Must Jesus bear the cross alone

adapted from
Lord, Thou hast planted me a vine
Must Simon bear his cross alone
How happy are the saints above

with
CROSS AND CROWN,
MAITLAND

Text: Origins. The hymn “Must Jesus bear the cross alone” has a long, complex history with multiple influences and variants. The oldest form of this text appeared in Penitential Cries (London: Thomas Parkhurst, 1693), a collection started by John Mason (ca. 1845–1694) and finished by Thomas Shepherd (1665–1739). In this collection, Mason is credited only with the first six hymns and a paraphrase of Psalm 86; the rest are by Shepherd.[1] The key text is “Lord, Thou hast planted me a vine,” by Shepherd, where the third stanza reads “Shall Simon bear thy cross alone” (Fig. 1).

 

Fig. 1. Penitential Cries (1693).

 

Text: First Adaptation. Shepherd’s hymn was not printed in American hymnals until almost one hundred years later, when it appeared in The Christian’s Duty (Germantown: Peter Leibert, 1791). This text took on a new form when it was recast as “Must Simon bear his cross alone” in Second Advent Hymns, Designed to Be Used in Prayer & Camp Meetings (1842 | 1843 ed. shown in Fig. 2). This collection was printed in different forms by different publishers, including M.M. George in Lowell, Massachusetts, A.R. Brown in Exeter, New Hampshire, and Joshua V. Himes (1805–1895) in Boston.
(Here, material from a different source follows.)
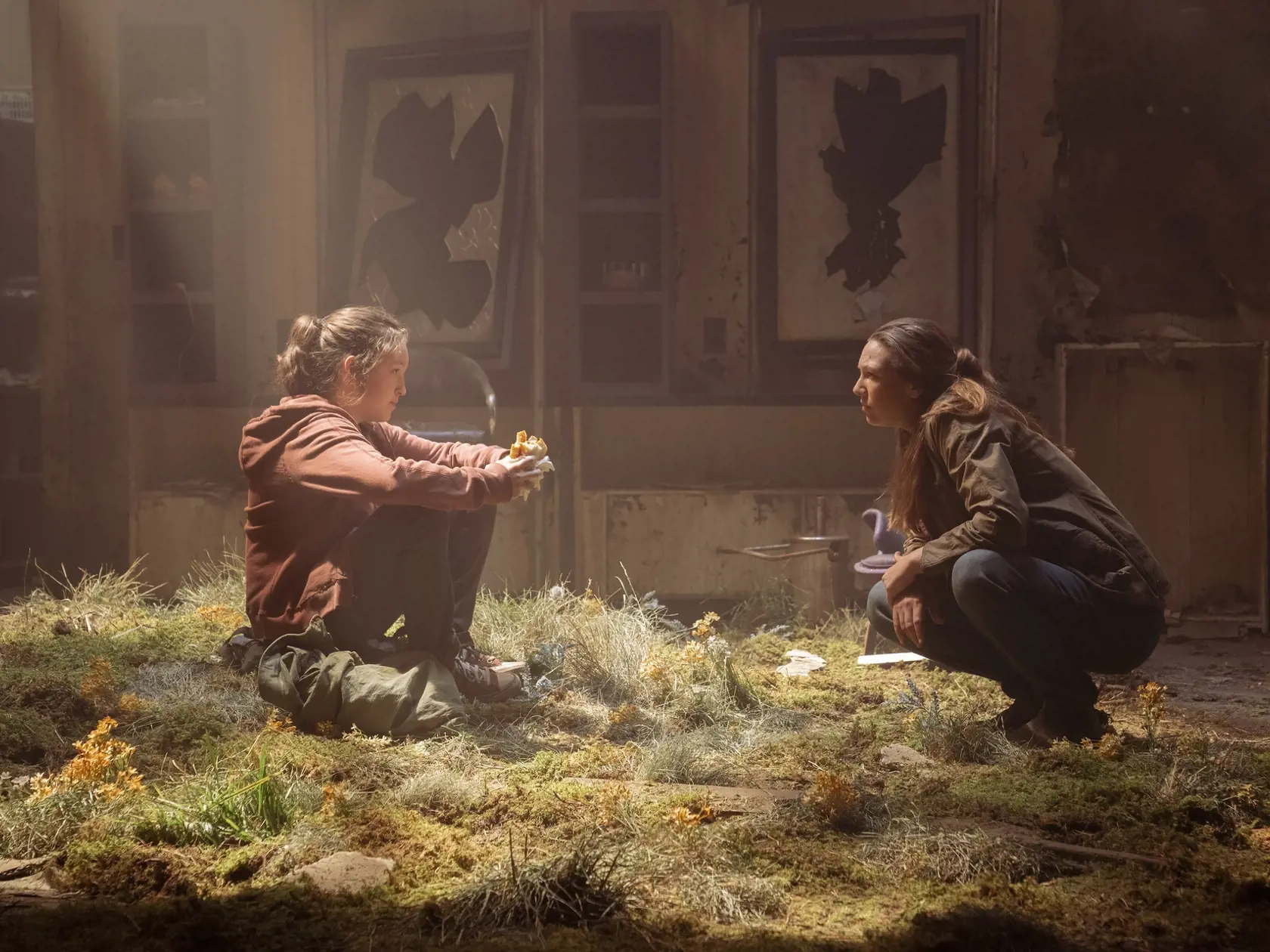 THE LAST OF US je nakrútený podľa kritikou oceňovanej videohry z roku 2013, ktorú exkluzívne pre PlayStation® vyvinula spoločnosť Naughty Dog.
The 1842 Himes edition, curiously, did not include this hymn; Himes introduced it into his own collections in a different form the following year.

 

Fig. 2. Second Advent Hymns, Designed to Be Used in Prayer & Camp Meetings (Concord, N.H.: A.R. Brown, 1843).

 

In this collection, published without music, the text was in three stanzas of four lines (8.6.8.6.). The first stanza is clearly an adaptation of Shepherd’s stanza “Shall Simon bear thy cross alone.” The second stanza, “How happy are the saints above,” appeared as early as 1806 in Hymns and Spiritual Songs, for the Use of Christians, 8th ed., enlarged (Philadelphia: Jacob Johnson, 1806 | Fig. 3), unattributed. The third stanza, “We’ll bear the consecrated cross,” has not been traced any earlier than Second Advent Hymns; the author is unknown.

 

Fig. 3. Hymns and Spiritual Songs, for the Use of Christians, 8th ed., enlarged (Philadelphia: Jacob Johnson, 1806).

 

Text: Second Adaptation. The Second Advent version of the hymn (Fig. 2) was published three times by Joshua V. Himes in 1843, but greatly expanded. One example appeared in Signs of the Times and Expositor of Prophecy, vol. 5, no. 12 (24 May 1843 | Fig. 4), p. 91, in four stanzas, headed “The cross and crown,” intended for a melody described as “The rose that all are praising.” Himes was one of the editors of the periodical. In this version, the three stanzas from Second Advent were extended from four lines to eight. An additional fourth stanza, “The church has heard the midnight cry,” seems to be without precedent and is probably by Himes. “The rose that all are praising” is a song by Thomas Haynes Bayly (1797–1837) (Baltimore: John Cole, n.d. | PDF).

 

Fig. 4. Signs of the Times and Expositor of Prophecy, vol. 5, no. 12 (24 May 1843, p. 91.

 

The hymn was also included in Joshua V. Himes’ Millennial Harp and Advent Meloodies (Boston, 1843 | Fig. 5). In this collection, which included the tune CROSS AND CROWN, the reason for the expansion of the each stanza to ten phrases (8.6.8.6.8.8.7.6.6.6.) is more clearly seen as a way to fill the tune (melody in the second voice). The melody bears a resemblance to Thomas Bayly’s “The rose that all are praising” (PDF), but it departs in many respects, in shape, in rhythm, and in length.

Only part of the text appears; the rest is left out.